**Problem to solve**.
Please return the records below exactly as they appear, leaving every picture out.

### Records provided

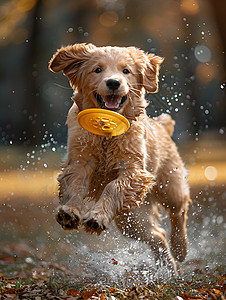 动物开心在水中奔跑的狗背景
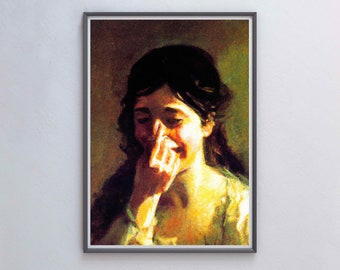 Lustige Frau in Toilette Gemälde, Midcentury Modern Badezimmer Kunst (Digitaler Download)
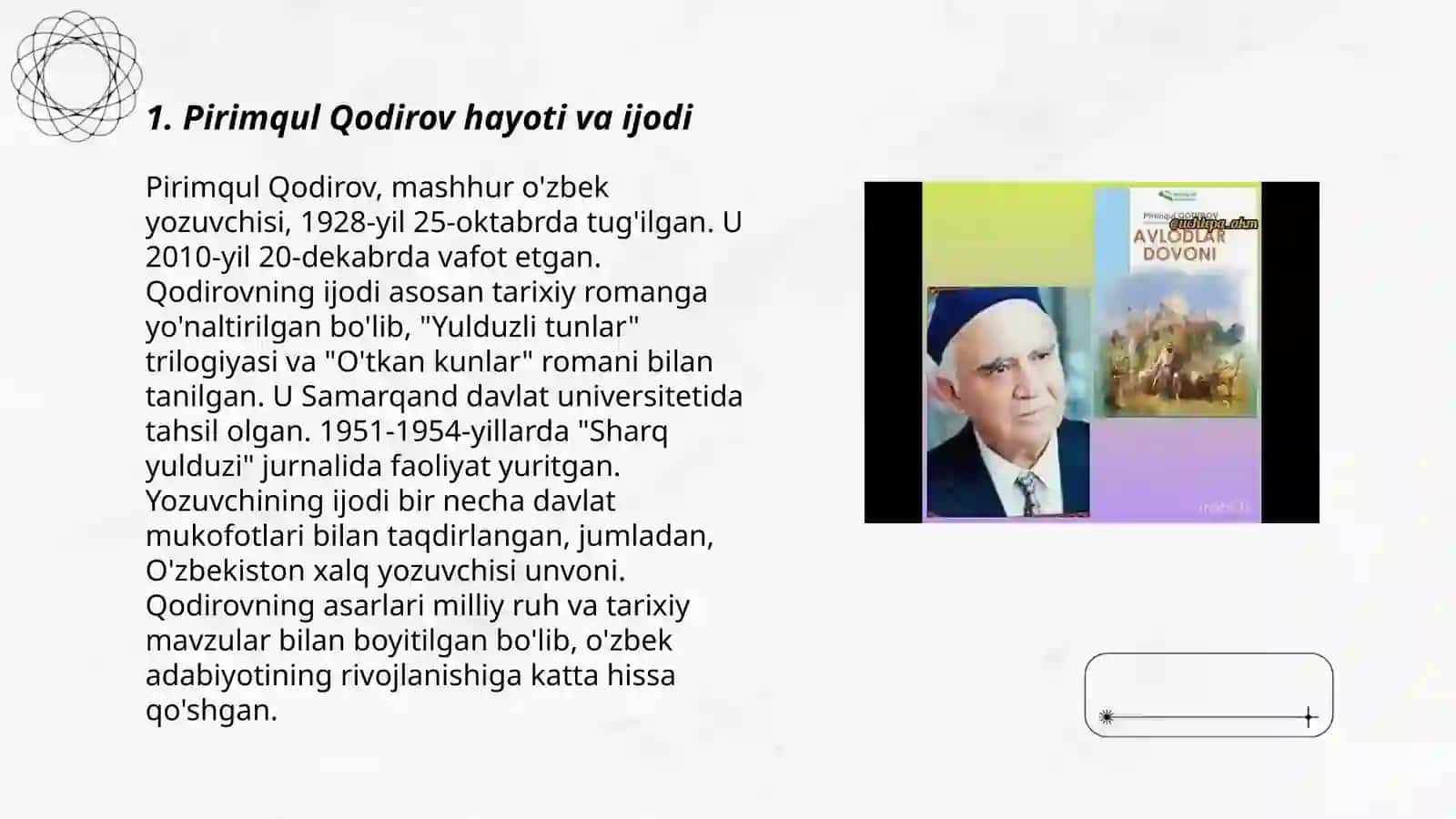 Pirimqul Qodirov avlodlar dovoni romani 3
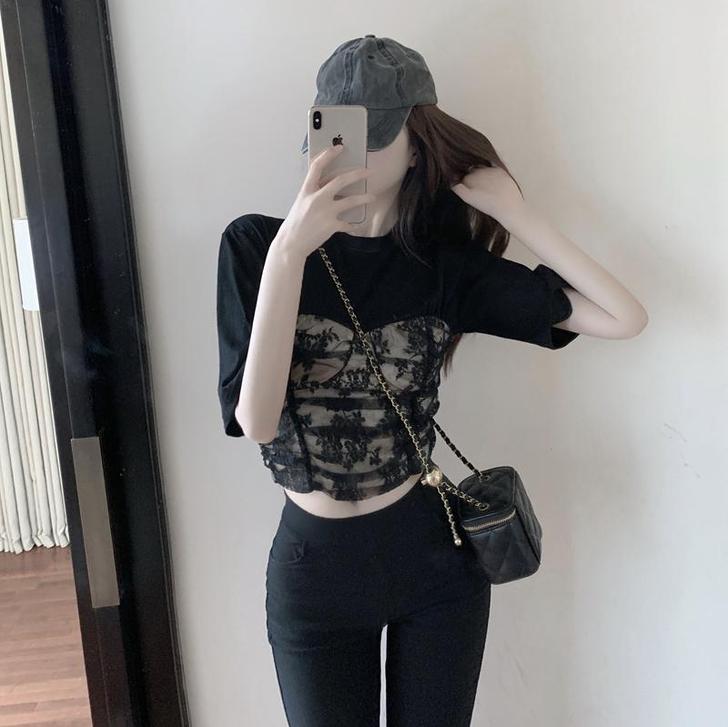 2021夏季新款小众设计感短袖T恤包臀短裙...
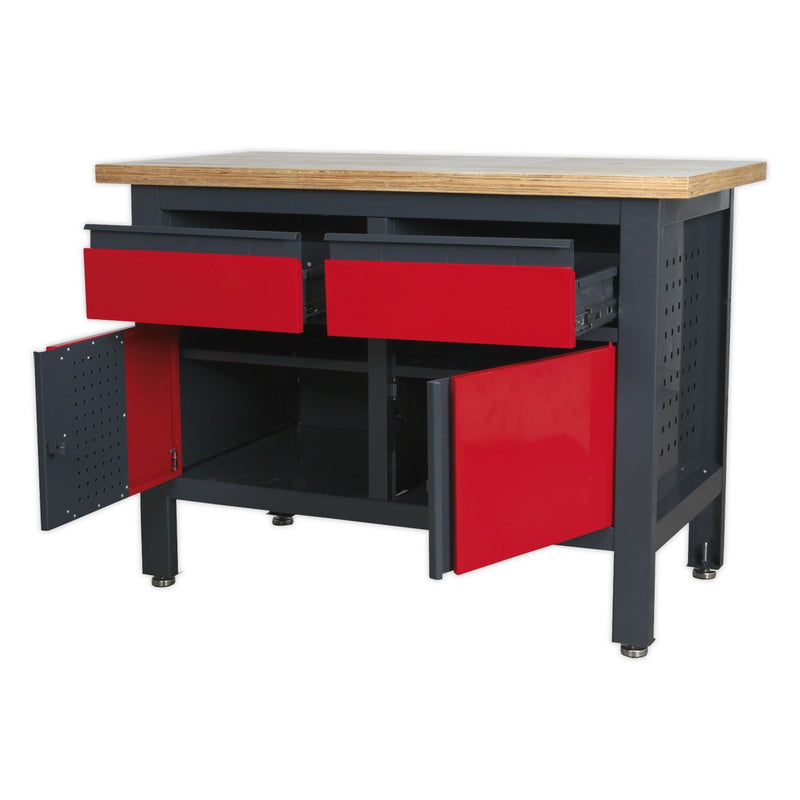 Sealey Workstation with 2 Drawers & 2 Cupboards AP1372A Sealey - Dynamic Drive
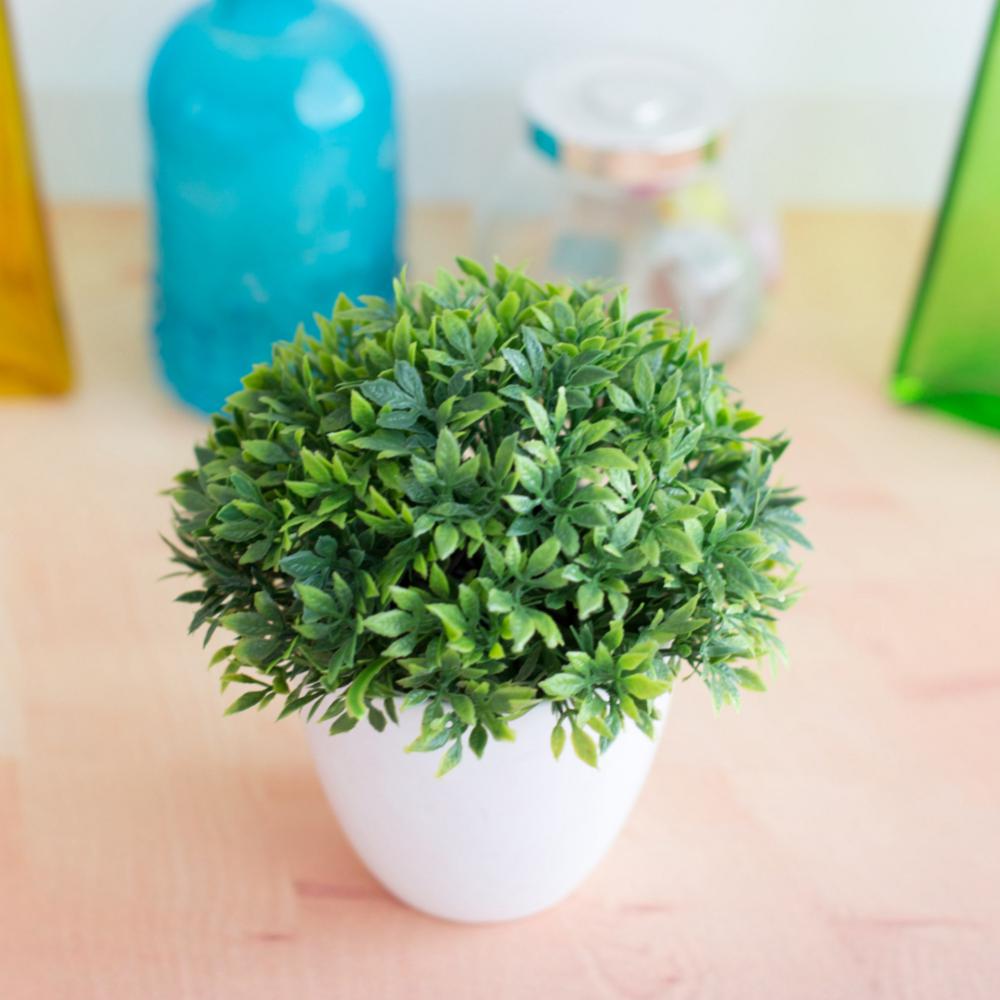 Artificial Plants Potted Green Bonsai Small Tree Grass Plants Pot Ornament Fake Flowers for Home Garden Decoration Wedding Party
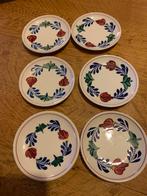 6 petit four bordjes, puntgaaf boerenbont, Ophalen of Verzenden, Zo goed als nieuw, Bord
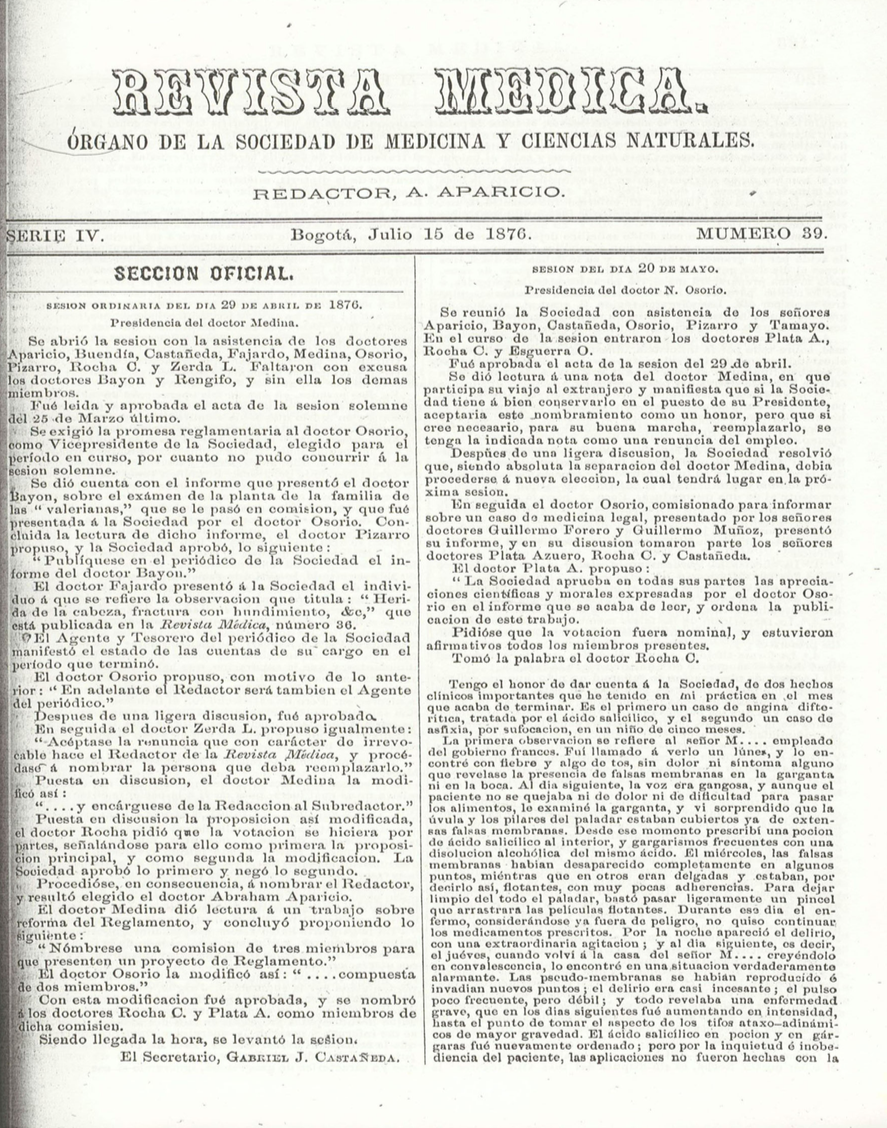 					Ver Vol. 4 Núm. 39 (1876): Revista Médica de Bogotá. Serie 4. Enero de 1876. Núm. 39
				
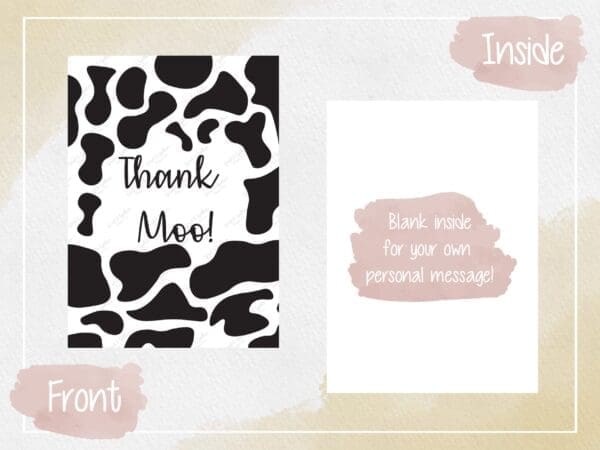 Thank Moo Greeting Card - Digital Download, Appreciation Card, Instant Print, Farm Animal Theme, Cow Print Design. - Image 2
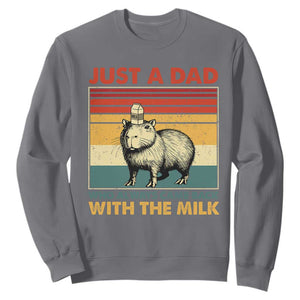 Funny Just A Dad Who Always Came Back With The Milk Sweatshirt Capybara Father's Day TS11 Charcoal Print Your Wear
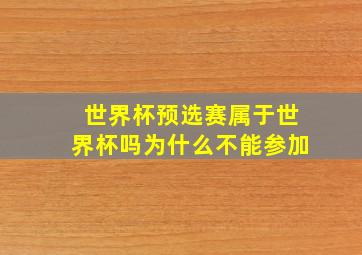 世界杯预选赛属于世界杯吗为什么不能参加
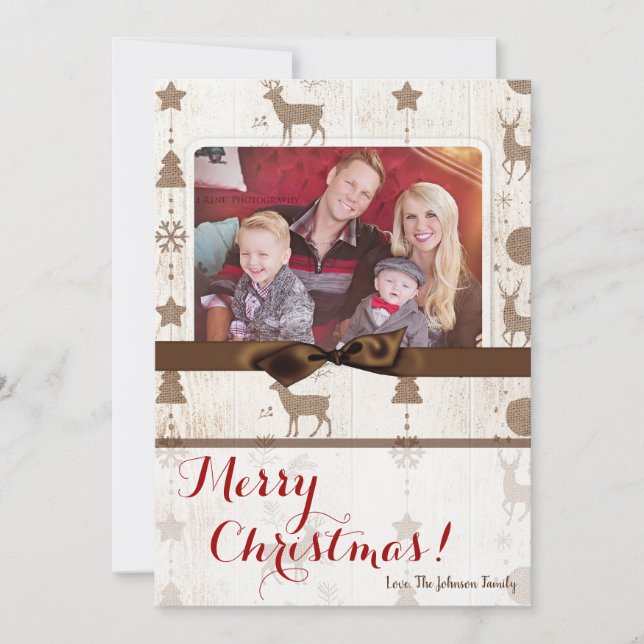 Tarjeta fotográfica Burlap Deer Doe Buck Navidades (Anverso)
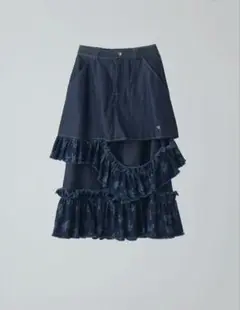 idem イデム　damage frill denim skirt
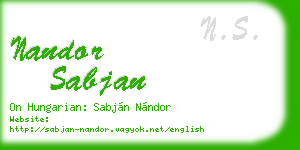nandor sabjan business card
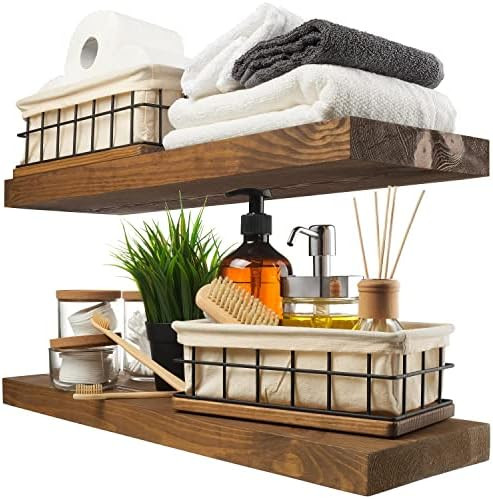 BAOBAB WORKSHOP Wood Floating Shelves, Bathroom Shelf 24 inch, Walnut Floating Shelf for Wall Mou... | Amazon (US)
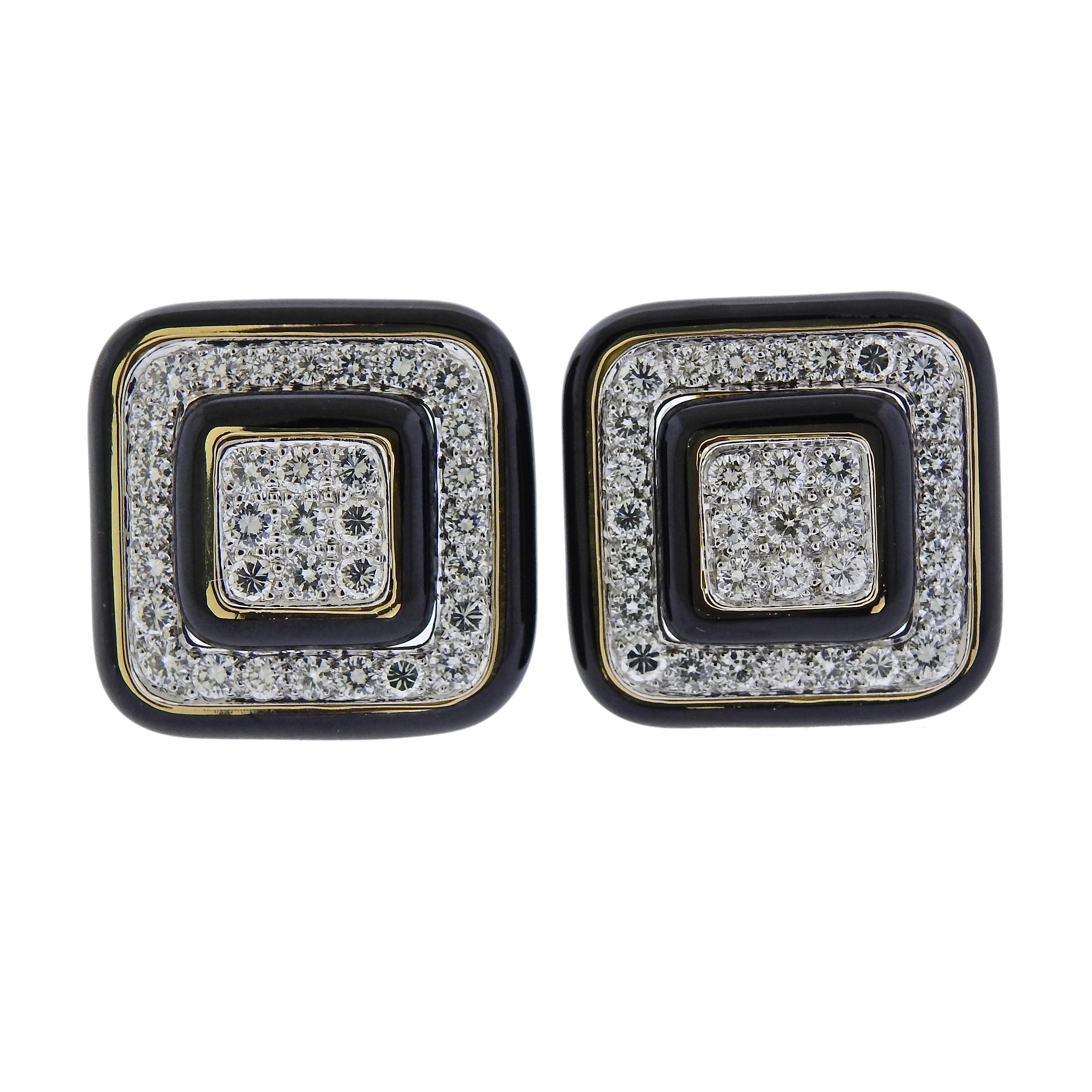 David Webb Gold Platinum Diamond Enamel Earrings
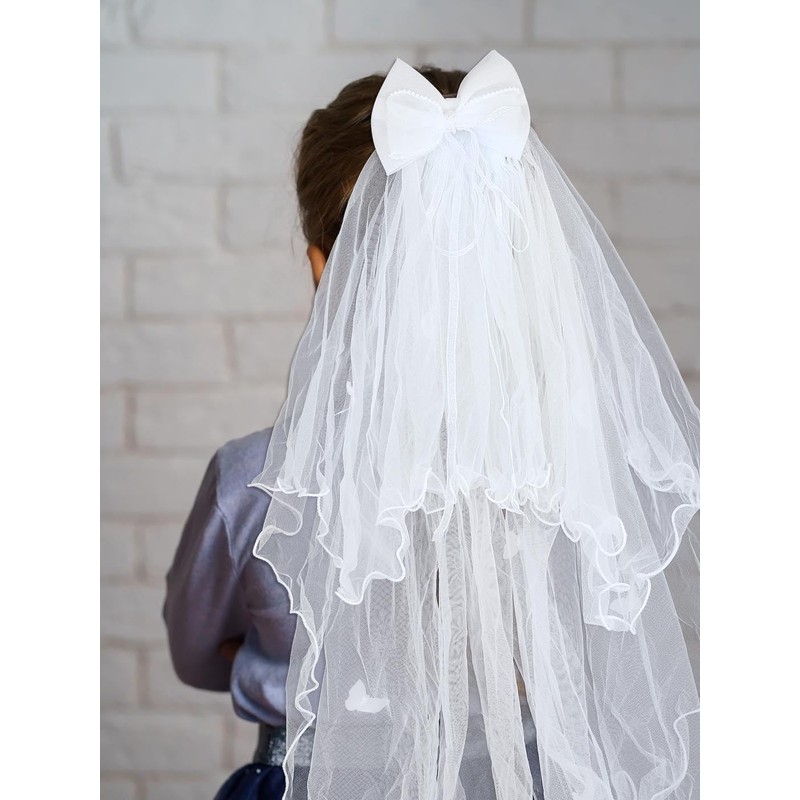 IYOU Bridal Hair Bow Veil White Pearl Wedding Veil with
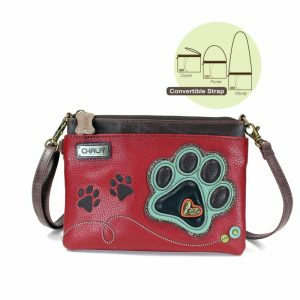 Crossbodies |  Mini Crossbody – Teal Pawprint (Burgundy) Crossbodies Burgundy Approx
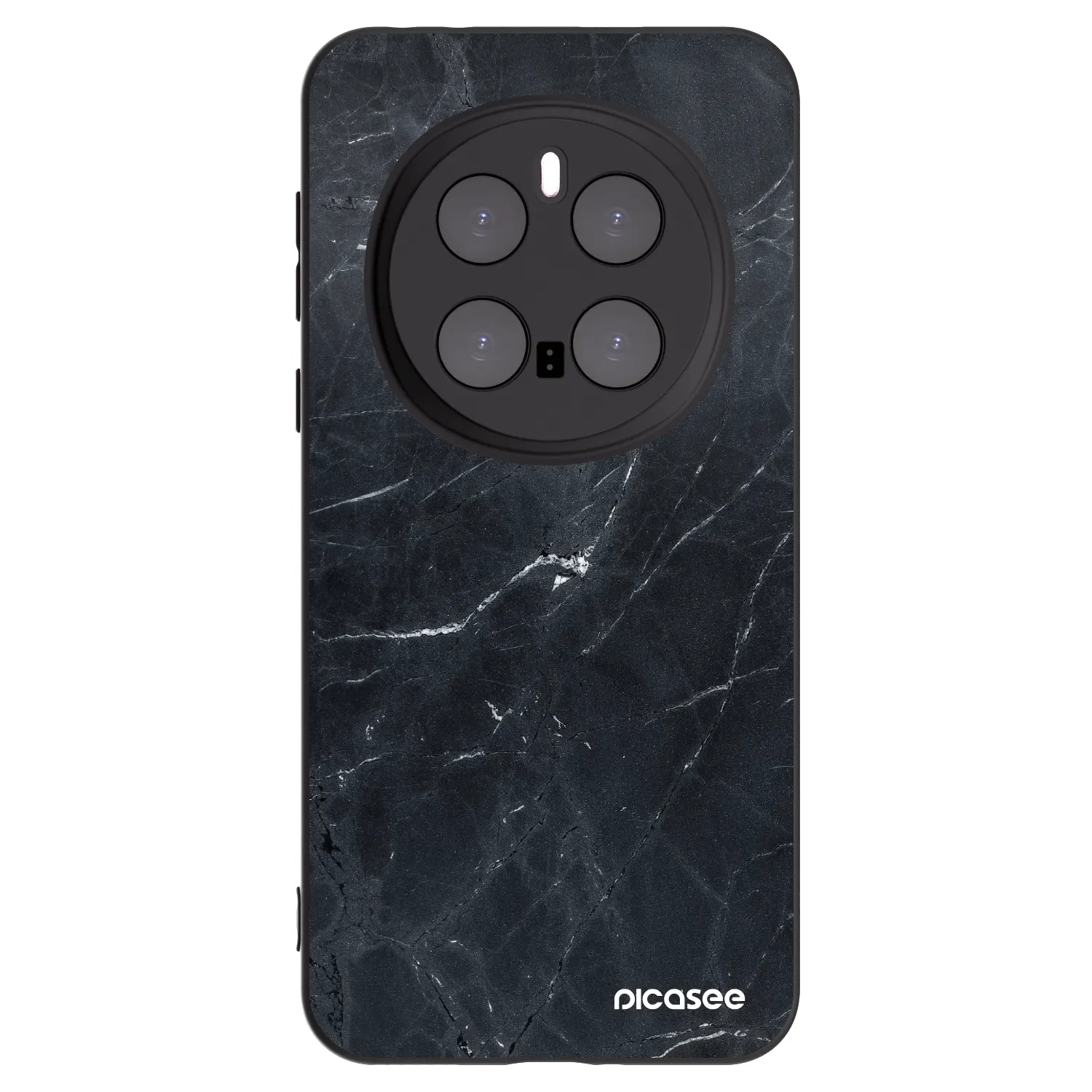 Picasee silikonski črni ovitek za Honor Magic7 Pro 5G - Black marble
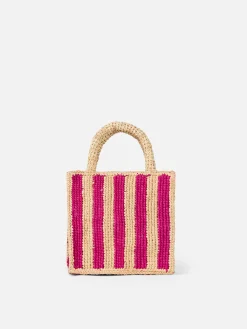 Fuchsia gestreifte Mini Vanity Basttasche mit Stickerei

######

**Answer box**.
 动物开心在水中奔跑的狗背景
 Lustige Frau in Toilette Gemälde, Midcentury Modern Badezimmer Kunst (Digitaler Download)
 Pirimqul Qodirov avlodlar dovoni romani 3
 2021夏季新款小众设计感短袖T恤包臀短裙...
 Sealey Workstation with 2 Drawers & 2 Cupboards AP1372A Sealey - Dynamic Drive
 Artificial Plants Potted Green Bonsai Small Tree Grass Plants Pot Ornament Fake Flowers for Home Garden Decoration Wedding Party
 6 petit four bordjes, puntgaaf boerenbont, Ophalen of Verzenden, Zo goed als nieuw, Bord
 					Ver Vol. 4 Núm. 39 (1876): Revista Médica de Bogotá. Serie 4. Enero de 1876. Núm. 39
				
 Thank Moo Greeting Card - Digital Download, Appreciation Card, Instant Print, Farm Animal Theme, Cow Print Design. - Image 2
 Funny Just A Dad Who Always Came Back With The Milk Sweatshirt Capybara Father's Day TS11 Charcoal Print Your Wear
 世界杯预选赛属于世界杯吗为什么不能参加
 Tarjeta fotográfica Burlap Deer Doe Buck Navidades (Anverso)
 idem イデム　damage frill denim skirt
nandor sabjan business card
 BAOBAB WORKSHOP Wood Floating Shelves, Bathroom Shelf 24 inch, Walnut Floating Shelf for Wall Mou... | Amazon (US)
 David Webb Gold Platinum Diamond Enamel Earrings
 IYOU Bridal Hair Bow Veil White Pearl Wedding Veil with
 Crossbodies |  Mini Crossbody – Teal Pawprint (Burgundy) Crossbodies Burgundy Approx
 Picasee silikonski črni ovitek za Honor Magic7 Pro 5G - Black marble
 Fuchsia gestreifte Mini Vanity Basttasche mit Stickerei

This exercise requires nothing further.